Complex fats

Yemisi Aribisala on the temptations of rage

Today: Yemisi Aribisala, writer, editor, essayist, painter, and author of Longthroat Memoirs.


Issue No. 306

Of Men and Palm Oil
Yemisi Aribisala


Of Men and Palm Oil

by Yemisi Aribisala

In February 2021, Evan Kleiman, a North American chef and radio personality broadcasting from Santa Monica, California, asked me about palm oil. She said “It’s such an intrinsic part of your cuisine, not at all what we think about when we think of palm oil. Explain the difference.” I knew that this question was for the education of an audience who already had their machetes out for the Nigerian who is destroying the environment by eating palm oil. 

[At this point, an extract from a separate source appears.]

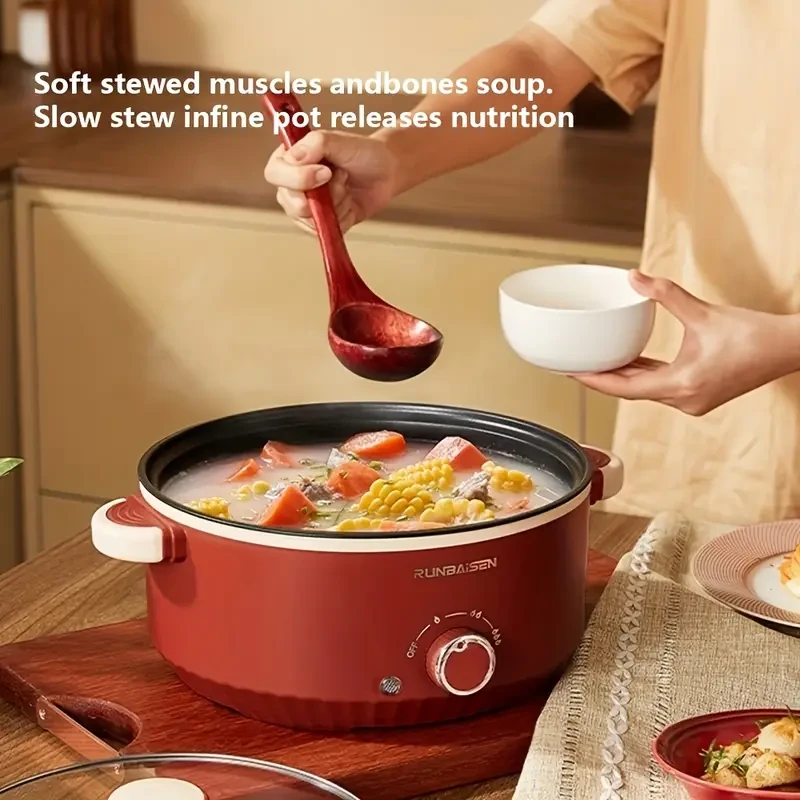 SENTBOWE Multi-Functional Red Electric Cooker with Non-Stick Coating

She understood that there was a global misunderstanding and the corresponding need to clear it up, before people would “really” listen to anything else I was saying.  I had been thinking about my answer for a long time before the interview, yet I couldn’t answer the question as eloquently as I had scheduled in my head when it came time to speak. 

I wanted to say persuasively: the problem, the real problem is with the unsophisticated global generalisations that the media has led readers to expect. Social media in particular has given readers an insatiable appetite for simplistic memes and slogans. They are the sofa of the mind when there is so much trauma to process.

The media proposal that all palm oil is bad for the earth’s climate is an easy conclusion for the hyperactive mind junk-feeding on headlines to make. But if you don’t know the “small” story of palm oil, the backyard story, if you don’t follow it back home to Nigeria, Ghana, Malaysia, or Indonesia, then you cannot understand palm oil. The real answers are too subtle, or too complicated, or too simple for social media or for the global feed.

The bleached, deodorised thing hidden in the cookies in a British supermarket is not our beloved Nigerian food ingredient. That adulterated, dangerous, reviled thing is in fact the West’s own mysterious derivative product. It is the production of this foreign bleached odourless fat in everything from candles to Oreos that is destroying the most biodiverse forests in South America. Palm trees are being planted in place of rainforests to satiate the cavernous appetite for Northern Hemispherical processed foods.